Data section.

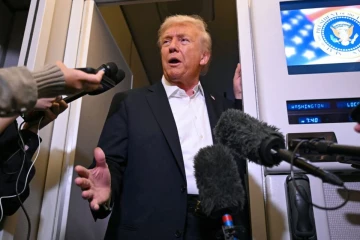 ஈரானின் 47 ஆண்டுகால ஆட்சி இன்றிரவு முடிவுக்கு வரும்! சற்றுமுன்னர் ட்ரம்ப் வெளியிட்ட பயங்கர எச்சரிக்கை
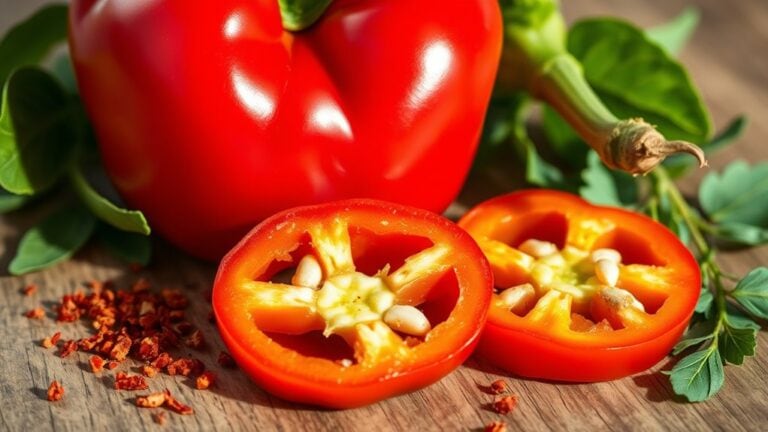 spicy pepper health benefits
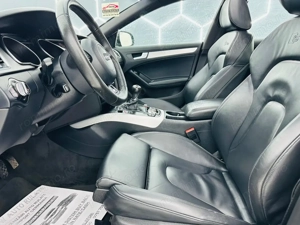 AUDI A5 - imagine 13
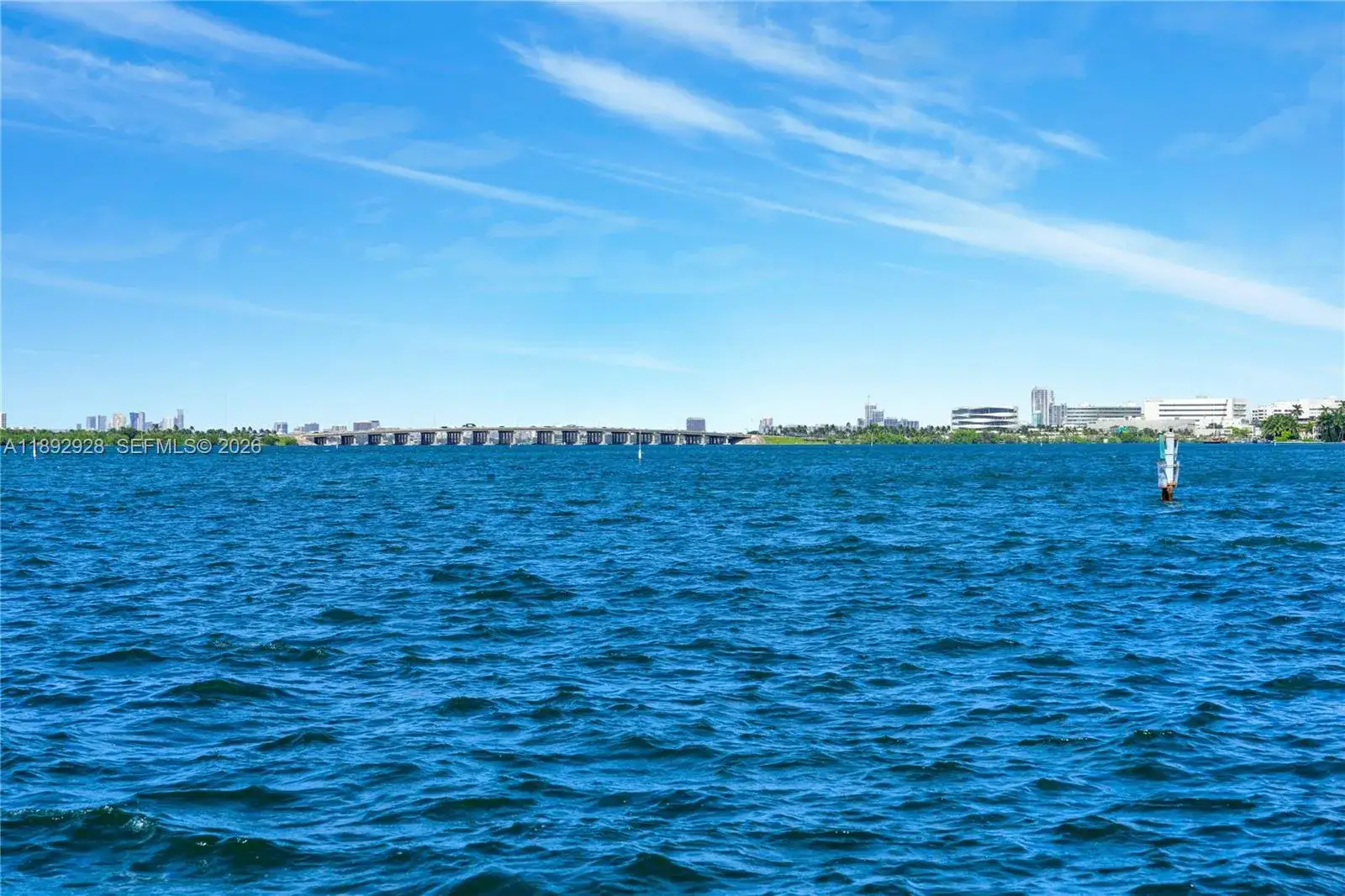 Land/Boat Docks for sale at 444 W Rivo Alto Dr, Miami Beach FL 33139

What you are asked to do. Could you set down word for word each line from the one holding "spicy pepper health benefits" through the end of the material above, without any pictures?

Finished task.
 spicy pepper health benefits
 AUDI A5 - imagine 13
 Land/Boat Docks for sale at 444 W Rivo Alto Dr, Miami Beach FL 33139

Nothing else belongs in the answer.